State the count of lines below in which the word "after" appears, and add nothing.

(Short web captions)
::::
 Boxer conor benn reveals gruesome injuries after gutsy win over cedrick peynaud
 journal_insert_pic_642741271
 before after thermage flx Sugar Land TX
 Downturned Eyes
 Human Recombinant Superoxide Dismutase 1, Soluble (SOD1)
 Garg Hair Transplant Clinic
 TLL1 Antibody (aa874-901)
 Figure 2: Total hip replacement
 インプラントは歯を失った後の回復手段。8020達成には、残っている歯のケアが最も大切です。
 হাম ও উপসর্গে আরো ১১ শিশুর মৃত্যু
::::
### Response to this task
2